How To Reset Your Closet After the Holidays

Want to Get Organized?

The holidays are magical… and so is the mountain of new clothes, shoes, and accessories that suddenly appears in your bedroom. Whether you treated yourself during end-of-year sales or received gifts from family and friends, the “post-holiday closet situation” can quickly turn into overflowing shelves, jammed drawers, and that familiar feeling of “I have nothing to wear” while staring at a closet full of stuff.

A closet reset doesn’t mean a total overhaul. It means making your space match your life right now—so getting dressed is faster, easier, and way less stressful. Here’s a simple, step-by-step process to reset your closet in one focused session (or split over a weekend).

Before you start shuffling hangers around, gather your new items into one place—bed, chair, floor, wherever you’ve been piling them.

Create 4 mini piles:

  1. Clothes
  2. Shoes
  3. Accessories (bags, belts, jewelry, hats)
  4. Returns / maybe (anything that doesn’t fit, duplicates of something you already own, or items you’re unsure about)

This first step makes the process faster because you’ll be organizing with intention, not randomly.

Holiday clutter tends to spread into the same hotspots: the top shelf, the closet floor, the chair, and the “mystery drawer.”

Do a 5–10 minute sweep and remove anything that doesn’t belong in your closet:

  • Gift bags, boxes, tissue paper
  • Random paperwork
  • Laundry (clean or dirty)
  • Off-season items that wandered back in

Put these in a laundry basket or bin and move them out of the room. You want a clean starting point.

Here’s the rule: new items shouldn’t be added until they’ve “earned” a home. That means you need space for them.

Do a fast edit using this simple filter:

Pull out anything that is:

  • Uncomfortable (itchy, tight, constantly adjusted)
  • Not your current style
  • Duplicates of a better version you already own
  • Not worn in the last year (with a few special exceptions)
  • Missing pieces (lost buttons, broken zipper) that you’re not realistically fixing

Use 3 sorting categories:

  • Donate
  • Sell
  • Tailor/Repair

If you need a quick guide: if it’s under ~$30 value and you don’t want the hassle, donate. If it’s high-quality or name brand, sell. If it’s almost perfect but needs a tiny fix, repair.

Instead of organizing item-by-item immediately, organize by zones so your closet flows logically.

Create these zones in order, left to right (or top to bottom):

  1. Everyday essentials (work basics, daily shoes, go-to bags)
  2. Occasion items (dressy outfits, heels, event accessories)
  3. Seasonal items (right-now season up front; off-season moved back or up high)
  4. Specialty items (gym wear, travel pieces, uniforms)

This keeps your most-used things where your eyes and hands naturally go.

Now bring in your new holiday items—one pile at a time.

For each item, ask:

  • What would I wear this with?
  • Where would I look for this first?
  • Does this replace something I already have?

If something replaces an older version, remove the older one immediately.
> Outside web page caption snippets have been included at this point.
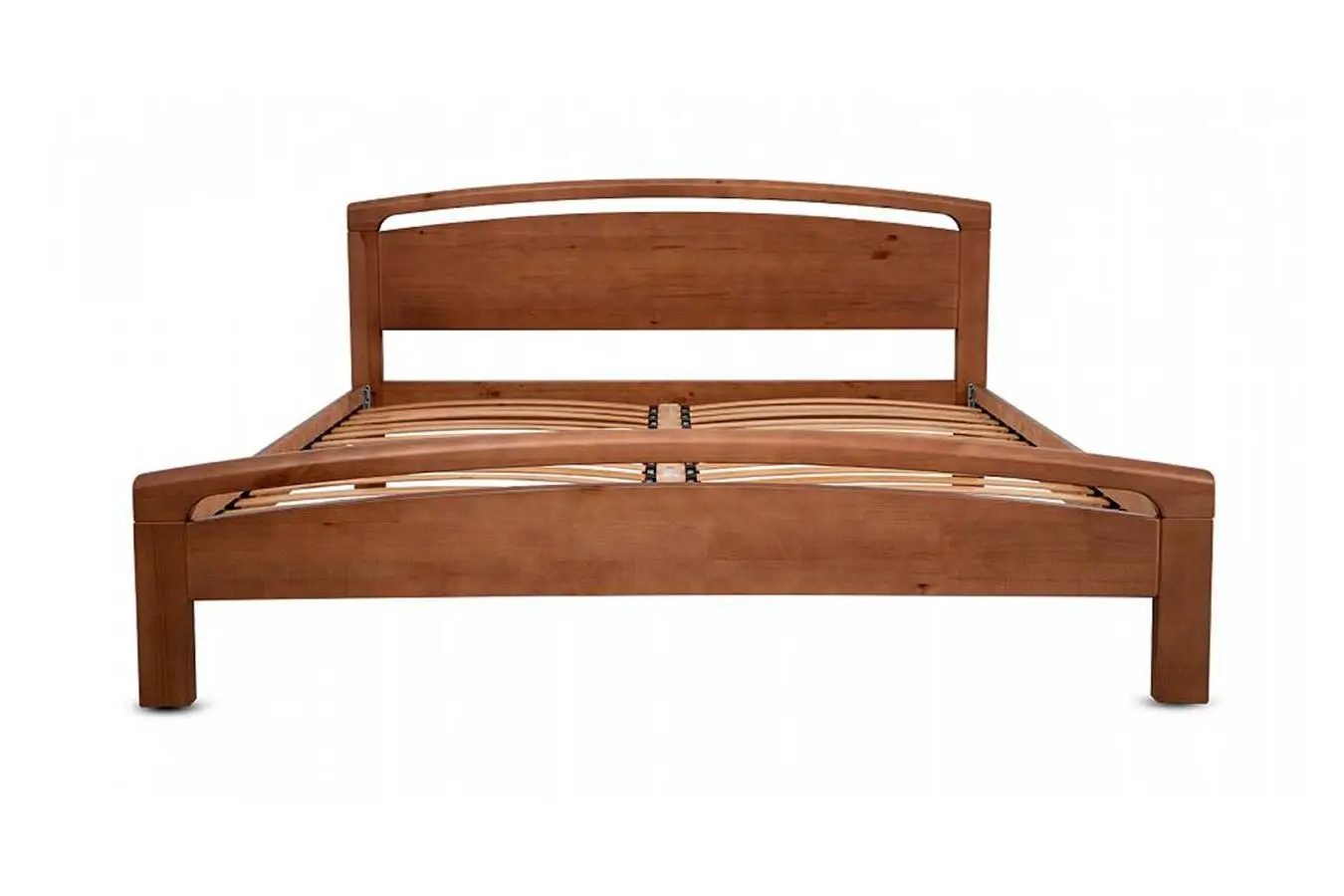 Деревянная кровать Regina Extra, цвет светлый орех - 9 - большое изображение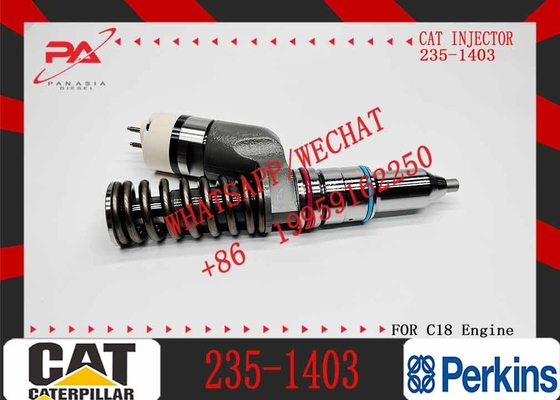 Excavator Parts C15 Diesel Engine Fuel Injector 235-1403 244-7716 253-0619 254-4183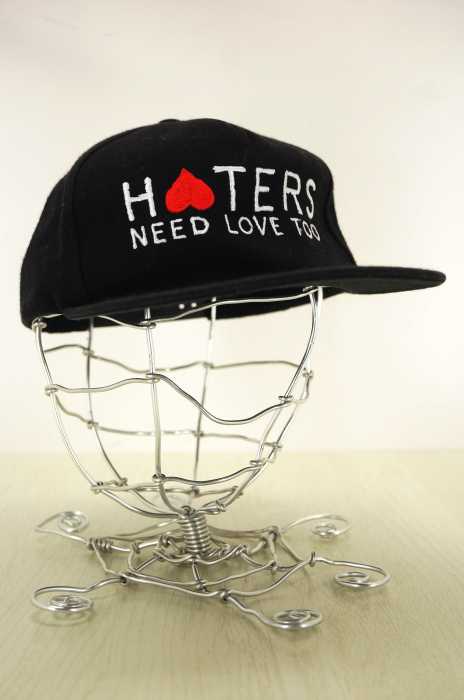 UNIF （ユニフ） HATERS NEED LOVE TOO キャップ メンズ 帽子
That’s how you stop closet creep.

Pro tip: Try on anything you haven’t worn yet (yes, even gifts). If it doesn’t fit right now, it goes into “returns/exchange/tailor” immediately—don’t let it live in limbo.

You don’t need a Pinterest closet. You need consistency.

Hanging rules that work:

  • Hang: blouses, dresses, jackets, pants you want crease-free
  • Fold: tees, sweaters, workout wear, denim (if shelf space allows)

Instant upgrade: switch to matching slim hangers. They save space and make your closet feel calmer without doing anything else.

Use a simple order while hanging:

  • Category (tops, pants, dresses)
  • Then by color (light to dark)

This makes outfit building ridiculously easy.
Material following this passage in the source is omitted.